WHAT NEEDS TO BE DONE
Could you set down exactly the lines of the data below, starting at the one that holds "Nissan Serena 8 seater Fresh Import" and ending at the one that holds "Sapphire Muse unhas", both included, and only those?

TASK INPUT START

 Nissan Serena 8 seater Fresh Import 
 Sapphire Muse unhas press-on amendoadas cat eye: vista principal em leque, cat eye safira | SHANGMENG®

TASK INPUT END
TASK INPUT START

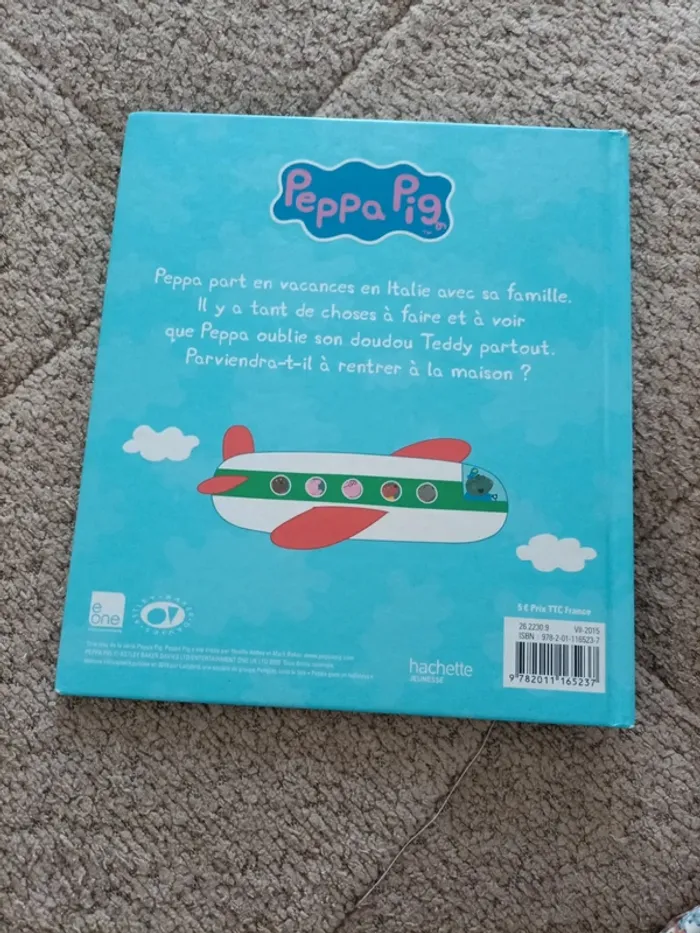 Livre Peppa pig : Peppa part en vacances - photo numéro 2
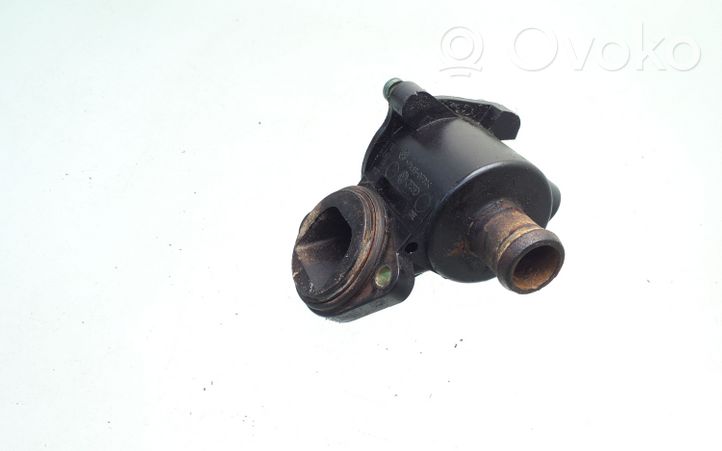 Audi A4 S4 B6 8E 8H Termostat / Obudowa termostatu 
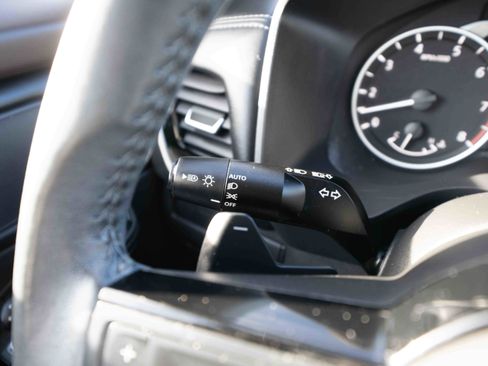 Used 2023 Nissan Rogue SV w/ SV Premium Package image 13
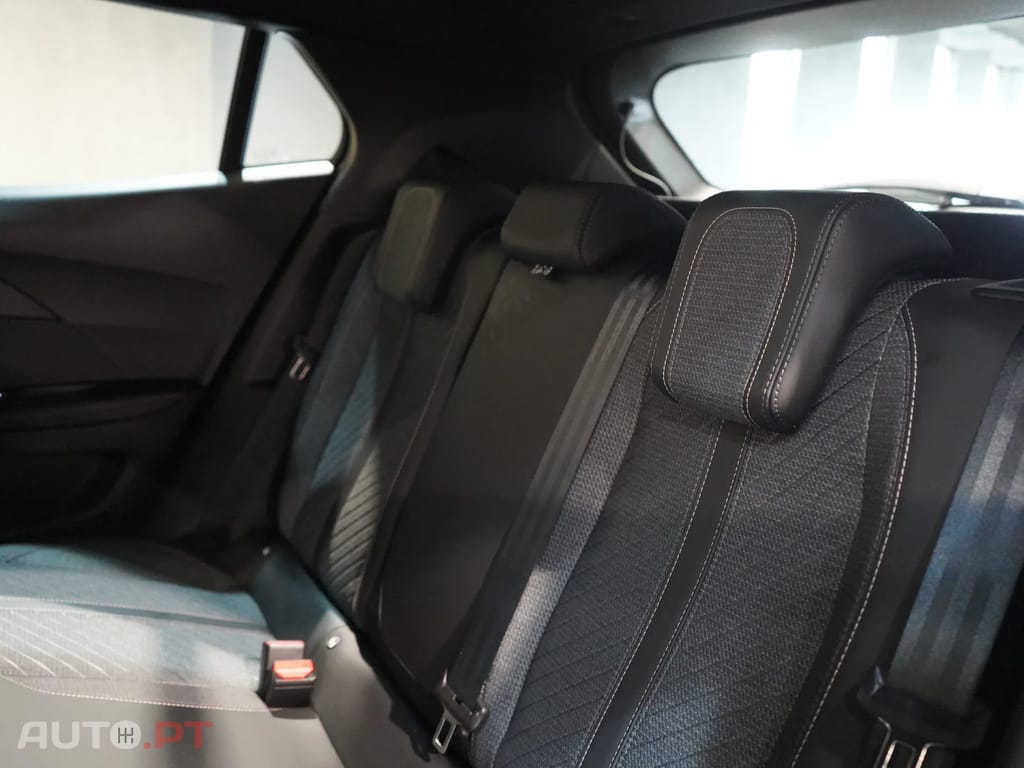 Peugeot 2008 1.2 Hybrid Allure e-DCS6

TASK INPUT END
TASK INPUT START

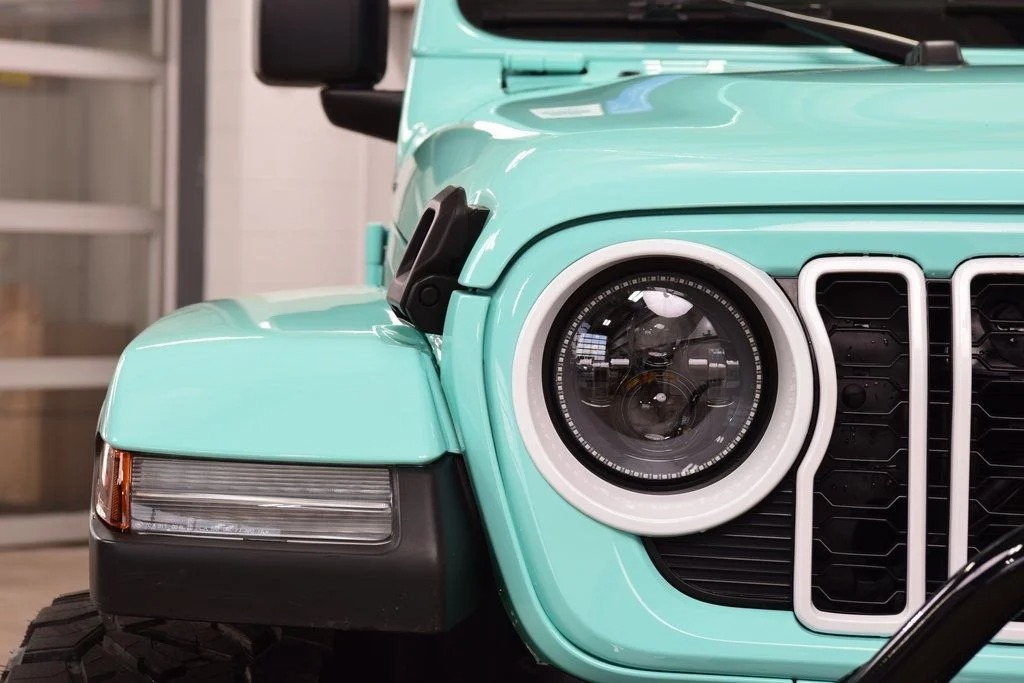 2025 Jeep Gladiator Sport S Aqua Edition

TASK INPUT END

WRITTEN ANSWER
 Nissan Serena 8 seater Fresh Import 
 Sapphire Muse unhas press-on amendoadas cat eye: vista principal em leque, cat eye safira | SHANGMENG®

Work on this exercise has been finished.